There are 3 degrees of confidence (68%, 95% and 99.7%) for the possible range of Win Rates:
- 68% Confidence Limit = 1 x SD / SQRT of (Blocks of 100) Hands Played
- 95% Confidence Limit = 2 x SD / SQRT of (Blocks of 100) Hands Played
- 99.7% Confidence Level = 3 x SD / SQRT of (Blocks of 100) Hands Played
The more hands you play, the more confident you should be of past performance being an accurate measurement to use for future bankroll requirements.
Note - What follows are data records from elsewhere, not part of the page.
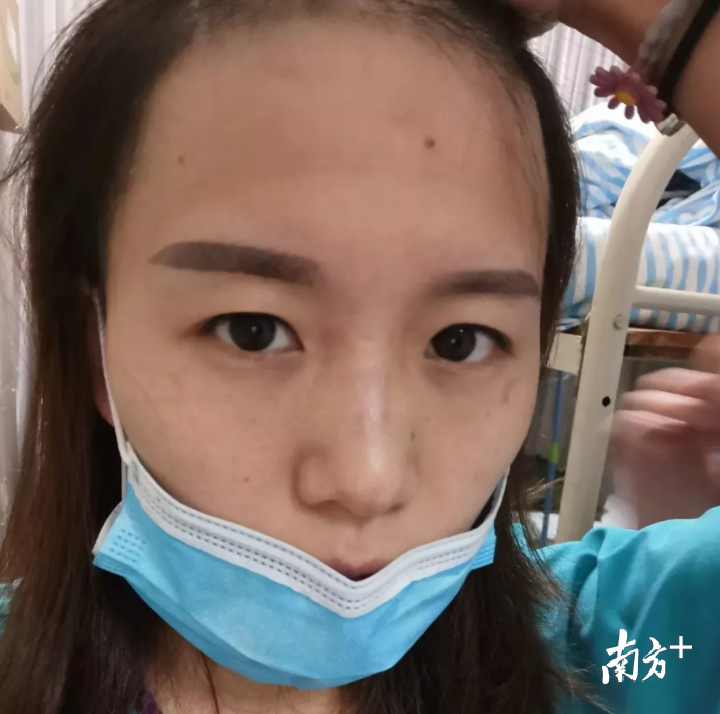 刘娟出舱后自拍.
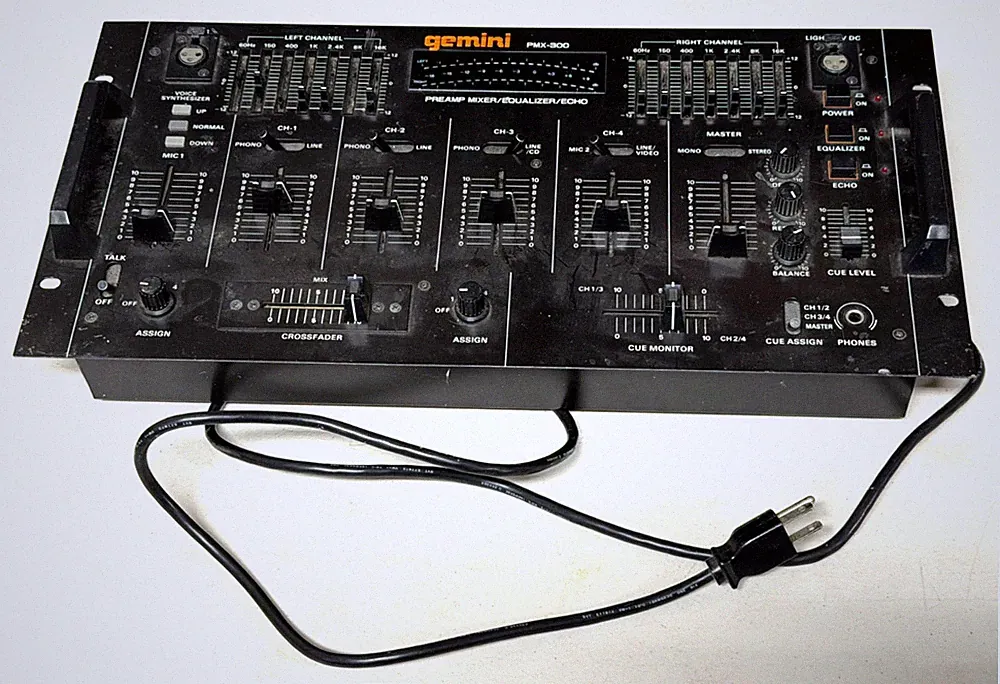 Gemini PMX-300 Pre-Amp/Mixer/Equalizer/Echo DJ Audio Console Sound Board
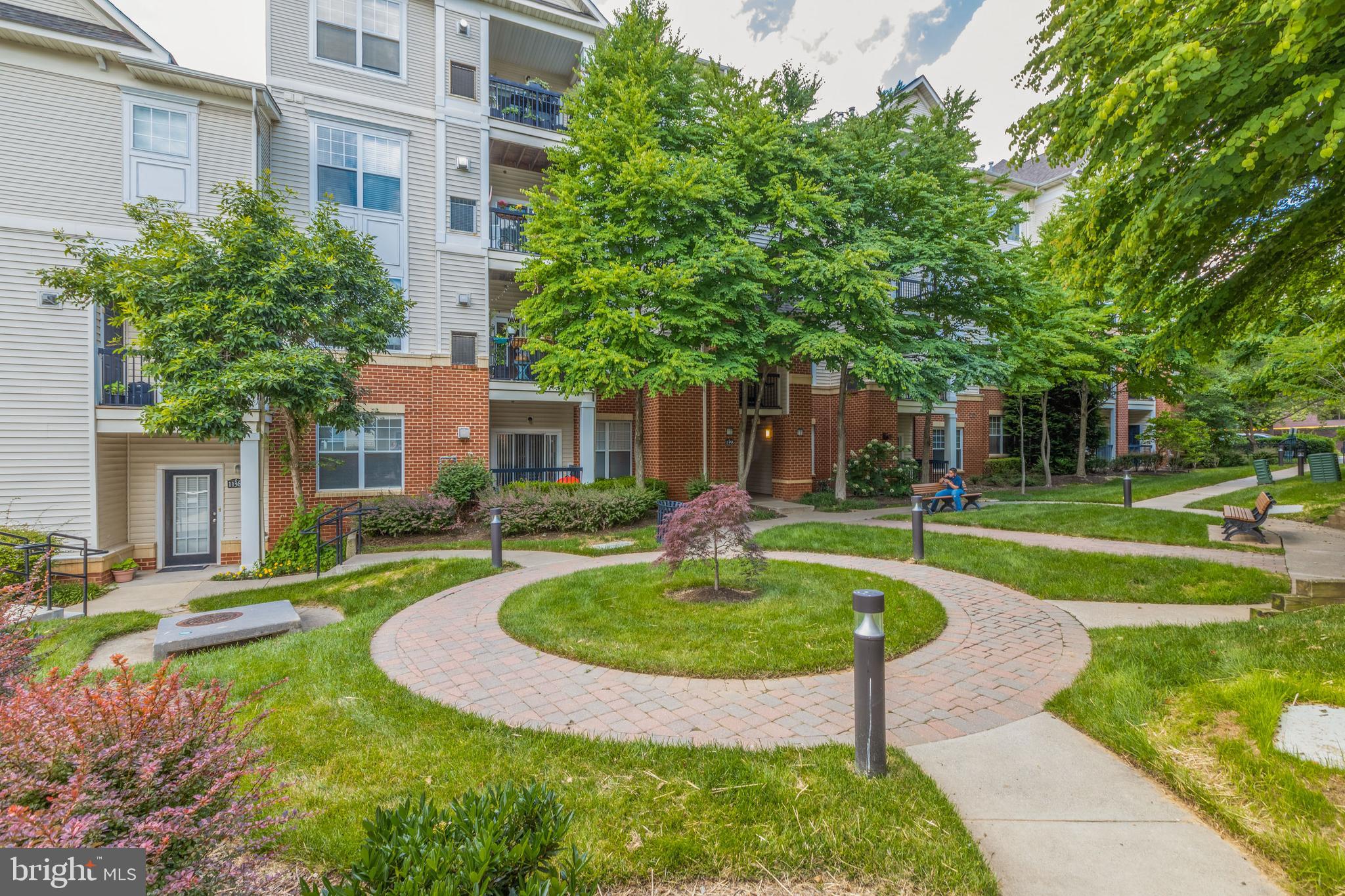 FAIRFAX RIDGE CONDOS - Residential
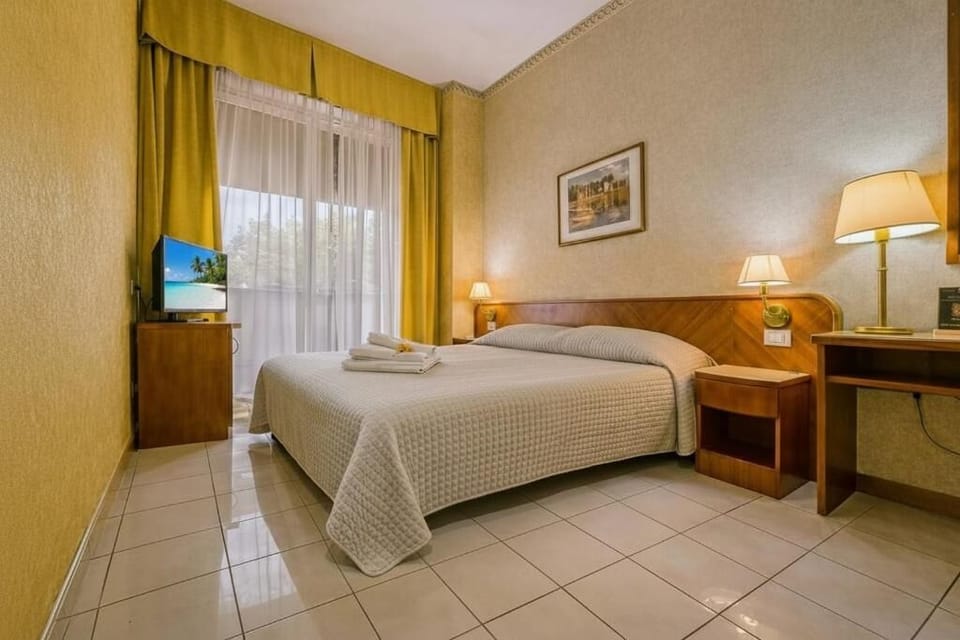 Double or Twin Room, Balcony | Egyptian cotton sheets, premium bedding, minibar, in-room safe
The minimum and maximum Win Rates for a wide range of SD and hands played can be shown for all buyin levels with a 99.7% confidence limit using an average or ‘mean’ WR of $0:
SD | 3SD | Hands (n) | n/100 | SQRT (n/100) | 3SD/SQRT(n/100) | Range | Min WR | Max WR |
300 | 900 | 10000 | 100 | 10 | 900/10 = 90 | 180bb | -90bb/100 | 90bb/100 |
200 | 600 | 10000 | 100 | 10 | 600/10 = 60 | 120bb | -60bb/100 | 60bb/100 |
100 | 300 | 10000 | 100 | 10 | 300/10 = 30 | 60bb | -30bb/100 | 30bb/100 |
50 | 150 | 10000 | 100 | 10 | 150/10 = 15 | 30bb | -15bb/100 | 15bb/100 |
20 | 60 | 10000 | 100 | 10 | 60/10 = 6 | 12bb | -6bb/100 | 6bb/100 |
10 | 30 | 10000 | 100 | 10 | 30/10 = 3 | 6bb | -3bb/100 | 3bb/100 |
300 | 900 | 50000 | 500 | 22.4 | 900/22.4 = 40.2 | 80.4bb | -40.2bb/100 | 40.2bb/100 |
200 | 600 | 50000 | 500 | 22.4 | 600/22.4 = 26.7 | 53.4bb | -26.7bb/100 | 26.7bb/100 |
100 | 300 | 50000 | 500 | 22.4 | 300/22.4 = 13.4 | 26.8bb | -13.4bb/100 | 13.4bb/100 |
50 | 150 | 50000 | 500 | 22.4 | 150/22.4 = 6.7 | 13.4bb | -6.7bb/100 | 6.7bb/100 |
20 | 60 | 50000 | 500 | 22.4 | 60/22.4 = 2.7 | 5.4bb | -2.7bb/100 | 2.7bb/100 |
10 | 30 | 50000 | 500 | 22.4 | 30/22.4 = 1.3 | 2.6bb | -1.3bb/100 | 1.3bb/100 |
300 | 900 | 100000 | 1000 | 31.6 | 900/31.6 = 28.5 | 57.0bb | -28.5bb/100 | 28.5bb/100 |
200 | 600 | 100000 | 1000 | 31.6 | 600/31.6 = 19.0 | 38.0bb | -19.0bb/100 | 19.0bb/100 |
100 | 300 | 100000 | 1000 | 31.6 | 300/31.6 = 9.5 | 19.0bb | -9.5bb/100 | 9.5bb/100 |
50 | 150 | 100000 | 1000 | 31.6 | 150/31.6 = 4.7 | 9.4bb | -4.7bb/100 | 4.7bb/100 |
20 | 60 | 100000 | 1000 | 31.6 | 60/31.6 = 1.9 | 3.8bb | -1.9bb/100 | 1.9bb/100 |
10 | 30 | 100000 | 1000 | 31.6 | 30/31.6 = 0.9 | 1.8bb | -0.9bb/100 | 0.9bb/100 |
300 | 900 | 250000 | 2500 | 50 | 900/50 = 18 | 36bb | -18bb/100 | 18bb/100 |
200 | 600 | 250000 | 2500 | 50 | 600/50 = 12 | 24bb | -12bb/100 | 12bb/100 |
100 | 300 | 250000 | 2500 | 50 | 300/50 = 6 | 12bb | -6bb/100 | 6bb/100 |
50 | 150 | 250000 | 2500 | 50 | 150/50 = 3 | 6bb | -3bb/100 | 3bb/100 |
20 | 60 | 250000 | 2500 | 50 | 60/50 = 1.2 | 2.4bb | -1.2bb/100 | 1.2bb/100 |
10 | 30 | 250000 | 2500 | 50 | 30/50 = 0.6 | 1.2bb | -0.6bb/100 | 0.6bb/100 |
300 | 900 | 500000 | 5000 | 70 | 900/70.7 = 12.7 | 25.4bb | -12.7bb/100 | 12.7bb/100 |
200 | 600 | 500000 | 5000 | 70 | 600/70.7 = 8.5 | 17.0bb | -8.5bb/100 | 8.5bb/100 |
100 | 300 | 500000 | 5000 | 70 | 300/70.7 = 4.2 | 8.4bb | -4.2bb/100 | 4.2bb/100 |
50 | 150 | 500000 | 5000 | 70 | 150/70.7 = 2.1 | 4.2bb | -2.1bb/100 | 2.1bb/100 |
20 | 60 | 500000 | 5000 | 70 | 60/70.7 = 0.8 | 1.6bb | -0.8bb/100 | 0.8bb/100 |
10 | 30 | 500000 | 5000 | 70 | 30/70.7 = 0..4 | 0.8bb | -0.4bb/100 | 0.4bb/100 |
If you use the SD of 100 and the 500000 hands already played, the range of possible future Win Rates are from 0.8bb/100 to 9.2bb/100 (5bb/100 + or – 4.2bb/100).
The range of Bankroll required for the year reflects the range of possible win rates, from 3260bb (3 x 100*100/9.2) to 37500bb (3 x 100*100/0.8) or $3260 to $37500 at NL100 (33 – 375 buy-ins).
The number of hands required per hour is $20 / WR * 100 or 217 to 2500 (435K to 5M in the year).
Therefore you can be 99.7% confident of being successful with the current win rate if your past consistency of performance continues through the current year, but your bankroll requirements may change considerably due to variance. You should aim to bring the SD figure down by being more consistent in results and also try to improve the win rate.